Search code examples
c#asp.net-coremd5sum

File comparison using md5 hash or length of a file?


I have a list of files on the disk which I need to get and load it in memory. I created a FileConfig class as shown below which has all the metadata for each file.

public class FileConfig
{
    public string FileName { get; set; }
    public DateTime Date { get; set; }
    public string FileContent { get; set; }
    public string MD5Hash { get; set; }
}

I have a MD5Hash string for each file so that I can compare it later on with some other files to figure out whether particular file is different or not.

Below is my code where I get list of all the files from the disk and then I make a list of FileConfig object from it.

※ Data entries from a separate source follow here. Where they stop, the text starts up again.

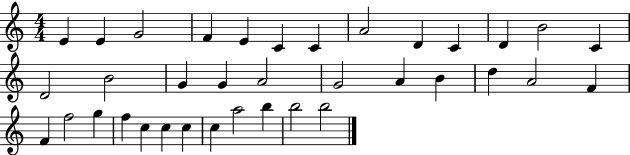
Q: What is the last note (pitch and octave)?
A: B5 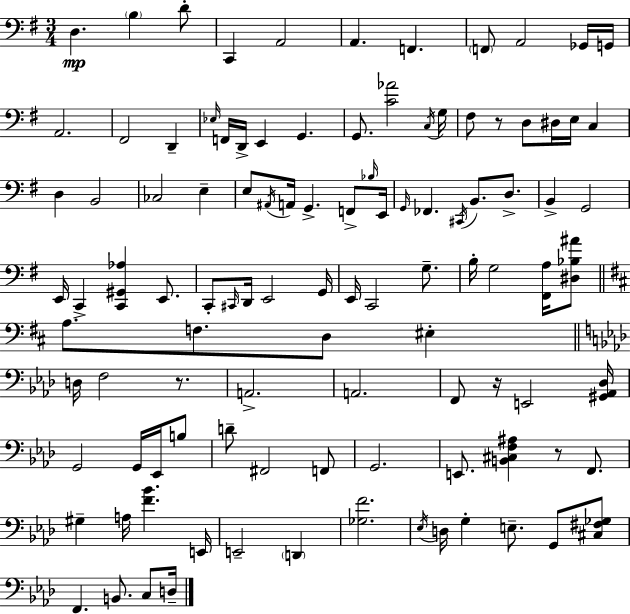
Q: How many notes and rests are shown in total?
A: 105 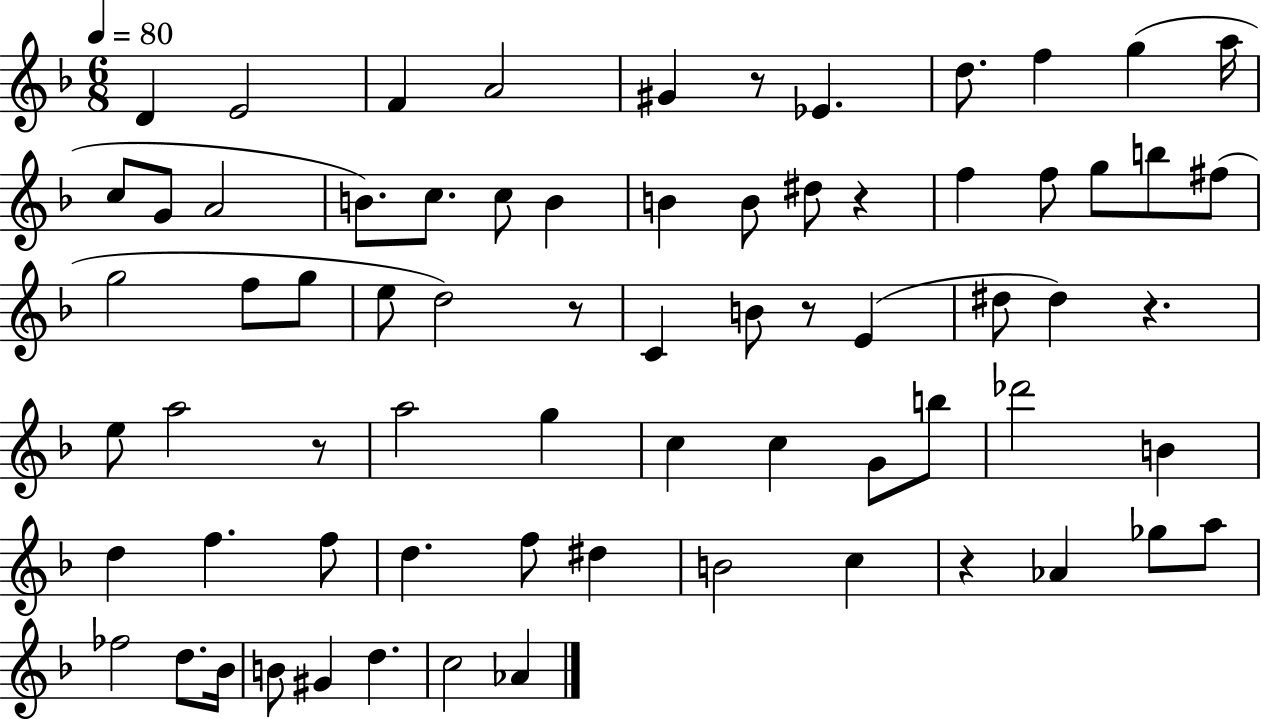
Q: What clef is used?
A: treble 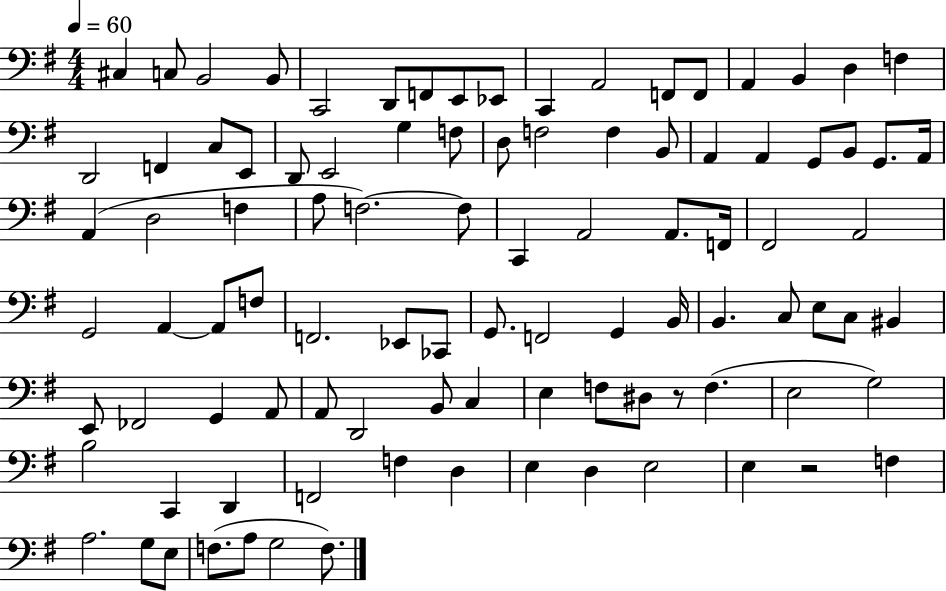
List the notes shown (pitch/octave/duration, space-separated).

C#3/q C3/e B2/h B2/e C2/h D2/e F2/e E2/e Eb2/e C2/q A2/h F2/e F2/e A2/q B2/q D3/q F3/q D2/h F2/q C3/e E2/e D2/e E2/h G3/q F3/e D3/e F3/h F3/q B2/e A2/q A2/q G2/e B2/e G2/e. A2/s A2/q D3/h F3/q A3/e F3/h. F3/e C2/q A2/h A2/e. F2/s F#2/h A2/h G2/h A2/q A2/e F3/e F2/h. Eb2/e CES2/e G2/e. F2/h G2/q B2/s B2/q. C3/e E3/e C3/e BIS2/q E2/e FES2/h G2/q A2/e A2/e D2/h B2/e C3/q E3/q F3/e D#3/e R/e F3/q. E3/h G3/h B3/h C2/q D2/q F2/h F3/q D3/q E3/q D3/q E3/h E3/q R/h F3/q A3/h. G3/e E3/e F3/e. A3/e G3/h F3/e. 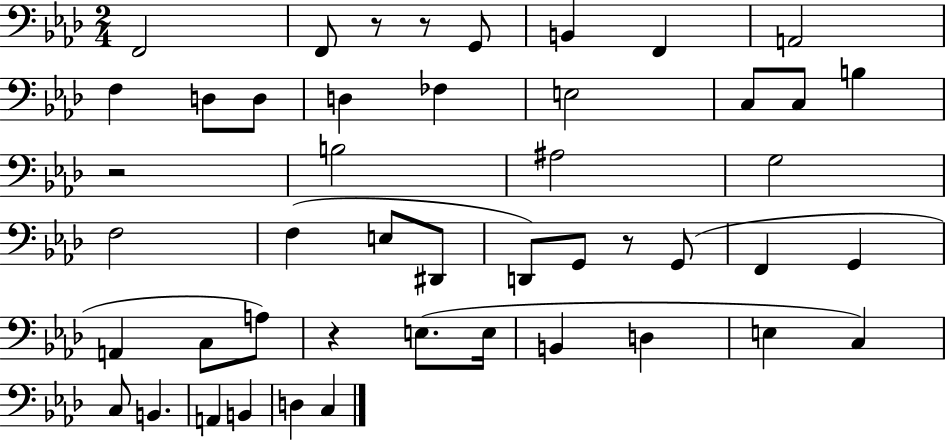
X:1
T:Untitled
M:2/4
L:1/4
K:Ab
F,,2 F,,/2 z/2 z/2 G,,/2 B,, F,, A,,2 F, D,/2 D,/2 D, _F, E,2 C,/2 C,/2 B, z2 B,2 ^A,2 G,2 F,2 F, E,/2 ^D,,/2 D,,/2 G,,/2 z/2 G,,/2 F,, G,, A,, C,/2 A,/2 z E,/2 E,/4 B,, D, E, C, C,/2 B,, A,, B,, D, C, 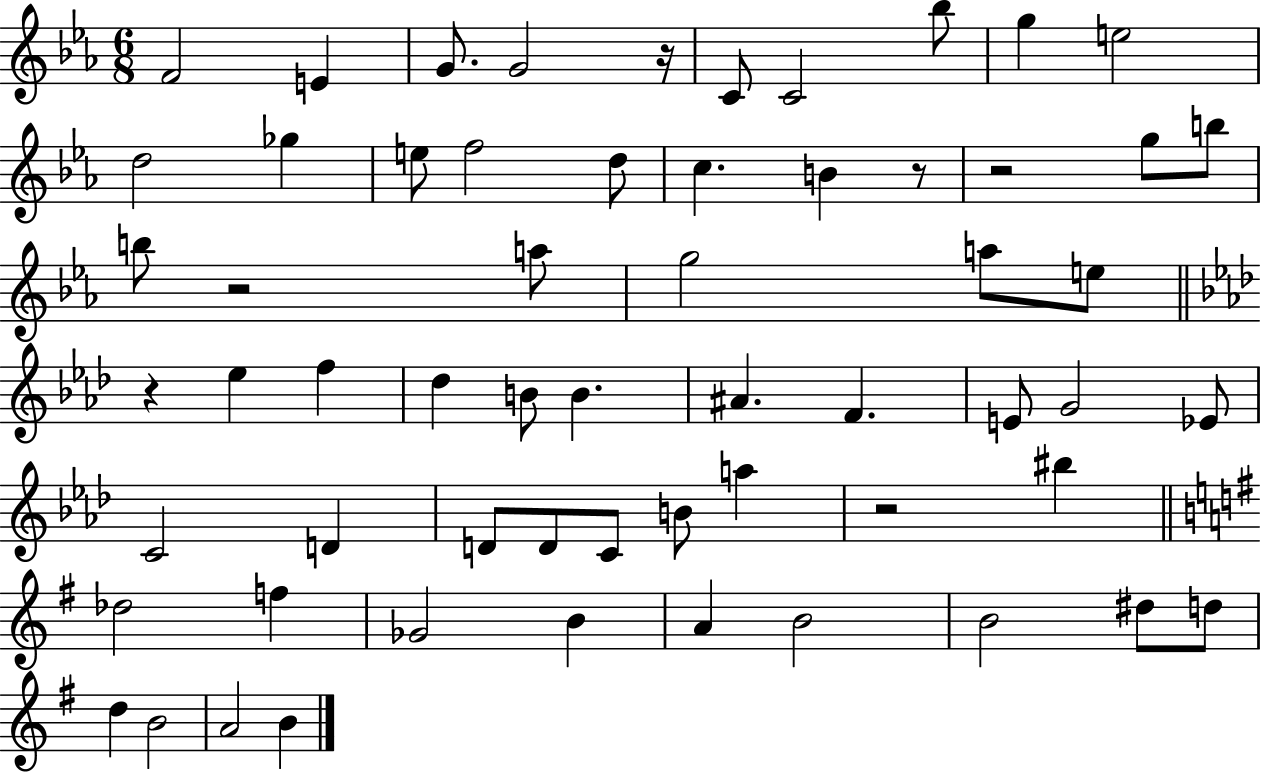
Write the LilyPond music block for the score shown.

{
  \clef treble
  \numericTimeSignature
  \time 6/8
  \key ees \major
  f'2 e'4 | g'8. g'2 r16 | c'8 c'2 bes''8 | g''4 e''2 | \break d''2 ges''4 | e''8 f''2 d''8 | c''4. b'4 r8 | r2 g''8 b''8 | \break b''8 r2 a''8 | g''2 a''8 e''8 | \bar "||" \break \key f \minor r4 ees''4 f''4 | des''4 b'8 b'4. | ais'4. f'4. | e'8 g'2 ees'8 | \break c'2 d'4 | d'8 d'8 c'8 b'8 a''4 | r2 bis''4 | \bar "||" \break \key g \major des''2 f''4 | ges'2 b'4 | a'4 b'2 | b'2 dis''8 d''8 | \break d''4 b'2 | a'2 b'4 | \bar "|."
} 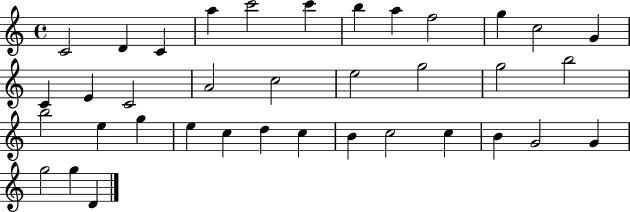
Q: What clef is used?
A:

private IEnumerable<FileConfig> LoadFiles(string path)
{
    IList<string> files = procUtility.GetListOfFiles(path);
    if (files == null || files.Count == 0) { yield return default; }

    for (int i = 0; i < files.Count; i++)
    {
        var cfgPath = files[i];
        if (!File.Exists(cfgPath)) { continue; }
        var date = File.GetLastWriteTimeUtc(cfgPath);
        var content = File.ReadAllText(cfgPath);
        var pathPieces = cfgPath.Split(System.IO.Path.DirectorySeparatorChar, StringSplitOptions.RemoveEmptyEntries);
        var fileName = pathPieces[pathPieces.Length - 1];
        var md5Hash = procUtility.GetMD5Hash(cfgPath);
        yield return new FileConfig
        {
            FileName = fileName,
            Date = date,
            FileContent = content,
            MD5Hash = md5Hash
        };
    }
}

My goal at the end is to compare files (and also use file content for some other purpose) so I was using MD5Hash string of each file in FileConfig class and figuring it out whether they are different or not like below:

!newFile.MD5Hash.Equals(oldFile.First().MD5Hash)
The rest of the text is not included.